Pokiwała głową, zgadzając się na moją propozycję.
- A więc.. - nabrałem powietrze do płuc - Fuck. - zakląłem pod nosem - Kate, nie wiem co mogę jeszcze powiedzieć. Jest mi naprawdę przykro z powodu tego incydentu. Wiesz, dobrze że ta dziewczyna nic dla mnie nie znaczy. Kocham Cię. Chciałbym, żebyśmy znowu byli razem.. - spłynęła mi pojedyncza łza, którą natychmiast zmyłem. - Tęsknie za Tobą - dokończyłem,
- A tak do tych romantycznych scen, zmierzając. To wiesz że w ostatnim odcinku, w Pamiętnikach Wampirów, byłam pewna, że Elena wróci do Stefana, a Ona mu nagle wypala, z tekstem, że kocha Damona. No dobra może koleś jest seksowny, zadziorny i taki złowrogi, ale to Stefan jest jej przeznaczony. A po za tym, Stefan jest, to znaczy był, no bo teraz się zmienił pod wpływem Clausa. no.! A Claus chyba się zakochał w Caroline.. - szybko zdawała relację Kate
Stałem zdezorientowany. O czym Ona mówi?
- Kate! - przerwałem jej
Nawet nie zwróciła uwagi, na mnie
- na czym to ja.. a no, Claus chyba się zakochał w Caroline. Nawet fajnie, tylko że polubiłam Tylera..
- Kate!
- Tak.. przystojny wilkołak, z niego. Ale ostatnio stał się jakoś dziwny..

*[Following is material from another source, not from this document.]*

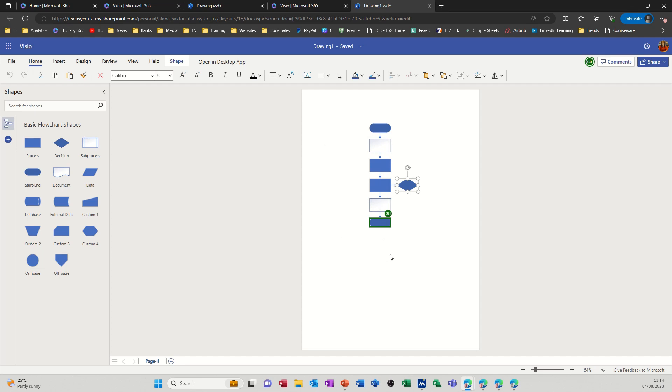But this is how you share things in Visio online to create a diagram. As long as they've got the link then they can open it and then you can do that. So hopefully this little video has been of use, thank you for your time and I'll catch you in the next one.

- Do jasnej cholery Kate o czym Ty mówisz?! - wrzasnąłem
- No właśnie, dlaczego mówi się do jasnej cholery a nie do ciemnej? Mi jakoś bardziej pasuje ta "ciemniejsza" wersja. Tak, od dziś będę tak już mówiła.
<<<< OCZAMI KATE >>>>
Spoglądał na mnie jak na idiotkę. Po prostu, próbowałam zmienić temat. Wiem, to było żenujące. Okey, Kaśka daj spokój. Przecież Ty bez Niego już dłużej nie wytrzymasz. - mówiłam do siebie. Skierowałam wzrok na Zayna
- Też Cię kocham - odezwałam się, uśmiechnięta
- Możesz powtórzyć? - zapytał z uroczym bananem na buźce
- Zastanawiam się dlaczego mówi się do 'jasnej cholery' a nie do 'ciemnej cholery' - zaśmiałam się
- Nie o to mi chodziło. to co powiedziałaś później.

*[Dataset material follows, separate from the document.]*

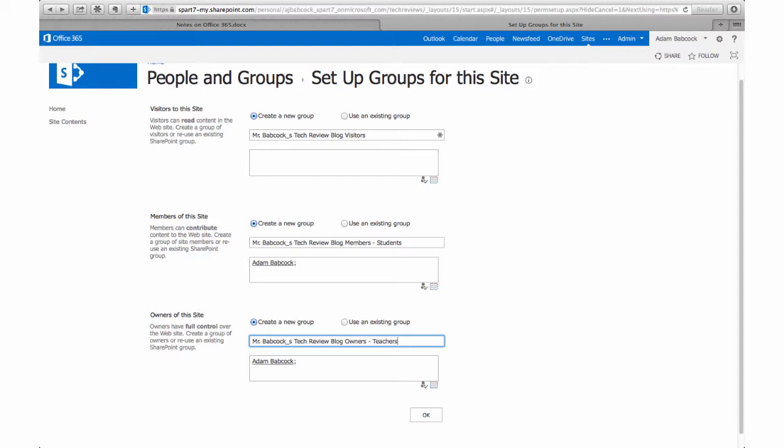For my blog site, because I want my students blogging on the site, I'm going to make them members, so I'll put students in the group name. Because I only want teachers and invited staff members to change site-wide settings or add members to my groups, I'm going to label that one teachers.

- Postanowiłam, że od dziś będę mówiła do ciemnej cholery
Wywrócił oczami. Wstałam, podeszłam do niego dość blisko.
- Kocham Cię - szepnęłam
- Nie usłyszałem, możesz jeszcze raz powtórzyć.? - zapytał zadowolony
- Do ciemniej cholery Zaynie Maliku KOCHAM CIĘ.! - krzyknęłam
<<<< OCZAMI ZAYNA >>>>
I znowu, byłem najszczęśliwszym mężczyzną na ziemi, ba na całej galaktyce. Delikatnie pocałowałem Kate. Tak mi brakowało jej słodkich warg. Znowu była MOJA. Moje serducho coraz szybciej ruchało płuco. Waliło jak szalone. Nasze pocałunki przeobrażały się, na bardziej namiętne. W pewnym momencie przerwała.
- Zayn, przepraszam. - powiedziała
- Za co? - spytałem zdezorientowany
- Za to, że byłam na Ciebie zła po tym pocałunku. Że tak na Ciebie naskoczyłam no i najważniejsze: przepraszam, że Ci nie zaufałam.

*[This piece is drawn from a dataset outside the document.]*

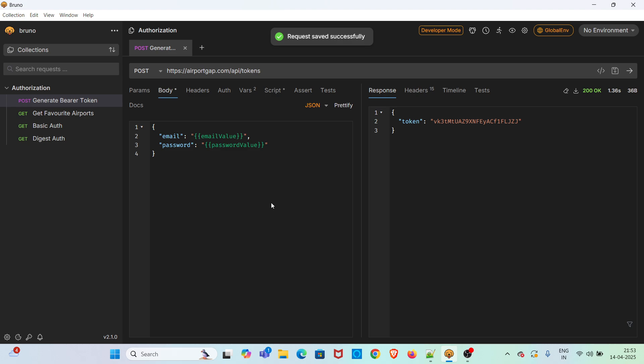Now we have to check whether the use of these variables is working fine or not. I am going to hit this request. You can see the token value has generated.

- Przeprosiny przyjęte. A teraz możemy wrócić do poprzedniej czynność? - uśmiechnąłem się zadziornie
- Zastanowię się - odpowiedziała
- Kobieto, wiesz że uzależniasz? - wypaliłem
- Staram się jak mogę - zaśmiała się
Pocałowałem ją znowu, po czym skierowałem się z pocałunkami w stronę szyi
- Nigdy, więcej mnie nie zostawiaj - szepnąłem i delikatnie przygryzłem płatek jej ucha. Drgnęła, co mnie usatysfakcjonowało.
Złapałem ją za dłoń. Siadłem na podłodze. Kate usiadła między moimi nogami, plecami opierając się o mój tors. Siedzieliśmy przytuleni, ciesząc się błogą ciszą. Uśmiechnąłem się do pod nosem. Zastanawiałem się nad tym co teraz czuje. Odgarnąłem włosy Kate, po czym całowałem ją po karku.
- Zayn chyba już wychodzimy - odezwała się po chwili
Otworzyły się szklane drzwi. Wysiedliśmy trzymając się za dłonie. Kapsuła odjechała i przyjechała następna, z której wypadli nasi przyjaciele.
- Czyli mamy rozumieć, że sobie wybaczyliście - powiedział Paul, patrząc na nasze splecione ręce.
Przytaknęliśmy, a oni rzucili się na nas, dosłownie się rzucili.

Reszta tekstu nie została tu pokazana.